### To do
What is needed is an exact repetition of the lines from the first one in the data through the line with "21″ Q8 E-TRON", with no pictures.

### Provided material
┌────────

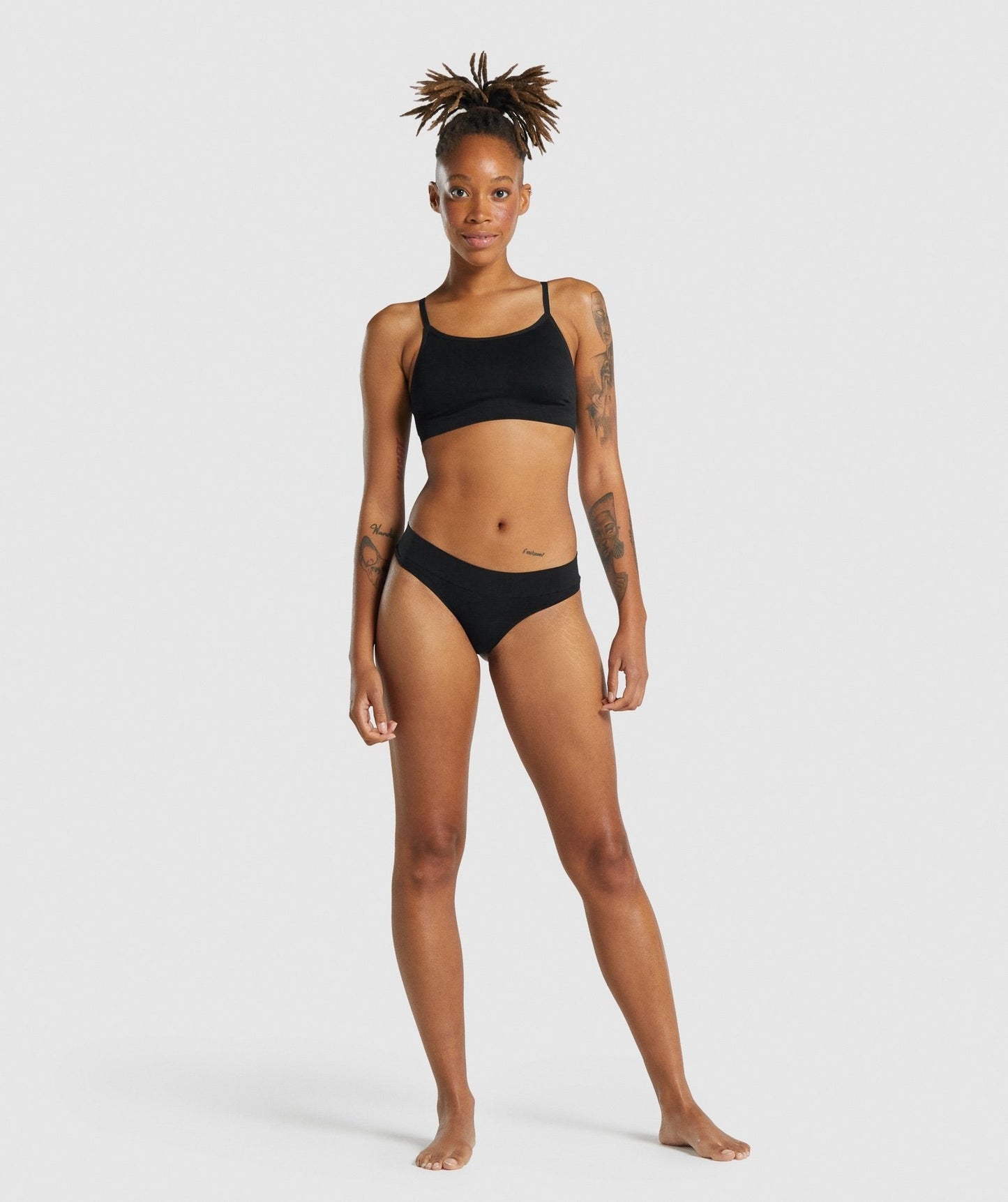 Gymshark Seamless Scoop Neck Bralette- Black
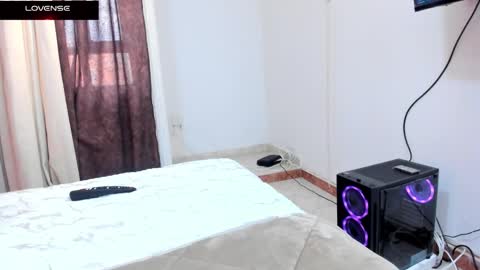 laurencurve online show from September 2025 12:16:02 PM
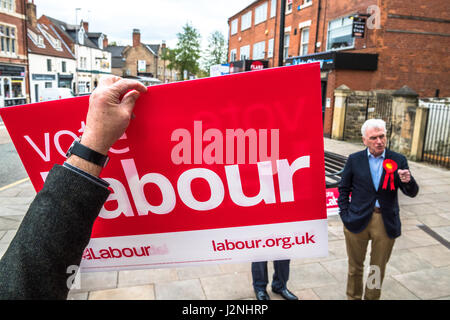 Lavoro di ombra il Cancelliere John McDonnell p.f. indirizzamento sostenitori del lavoro e soci nella sede di lavoro di Mansfield, Nottinghamshire per il 8 giugno le elezioni generali. Mansfield, Nottinghamshire. 14:58:22, 29 April 2017 Alan Beastall/Alamy Live News Foto Stock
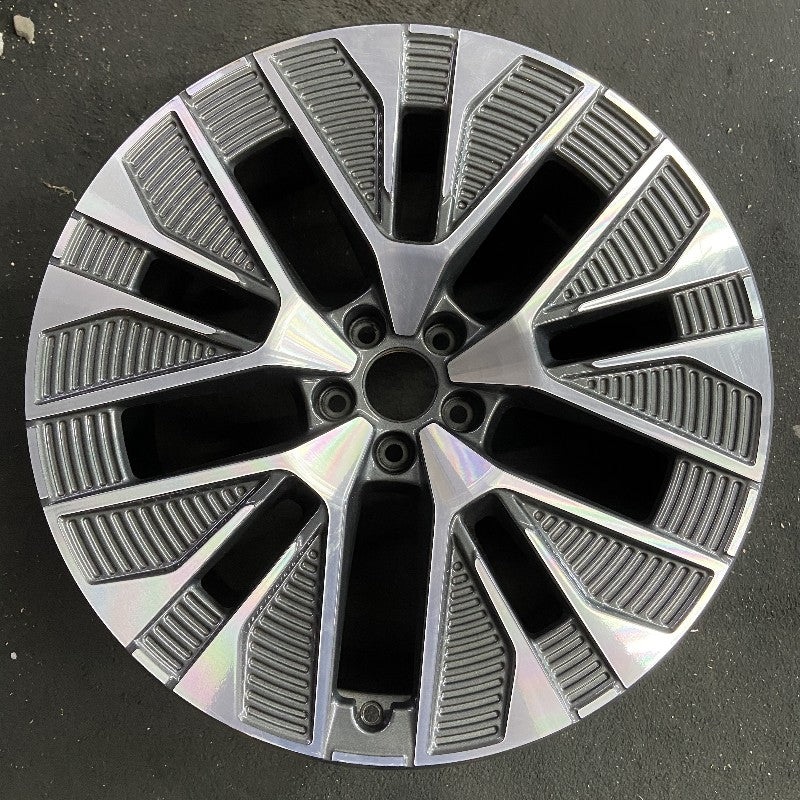 21″ Q8 E-TRON 24 21×9.5 5 slotted spoke machined face Original OEM Wheel Rim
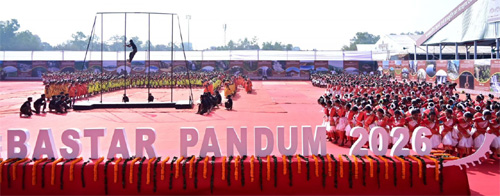 अबूझमाड़ का गौरव: मल्लखंब के नन्हे वीरों ने राष्ट्रपति के समक्ष दिखाई अद्भुत कला, द्रौपदी मुर्मु ने की प्रशंसा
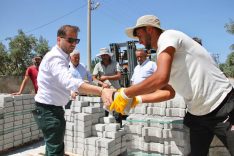 TİRE'YE 20 BİN METREKARE KİLİT PARKE TAŞI DESTEĞİ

└────────

### Solution to the problem
 Gymshark Seamless Scoop Neck Bralette- Black
 laurencurve online show from September 2025 12:16:02 PM
 Lavoro di ombra il Cancelliere John McDonnell p.f. indirizzamento sostenitori del lavoro e soci nella sede di lavoro di Mansfield, Nottinghamshire per il 8 giugno le elezioni generali. Mansfield, Nottinghamshire. 14:58:22, 29 April 2017 Alan Beastall/Alamy Live News Foto Stock
 21″ Q8 E-TRON 24 21×9.5 5 slotted spoke machined face Original OEM Wheel Rim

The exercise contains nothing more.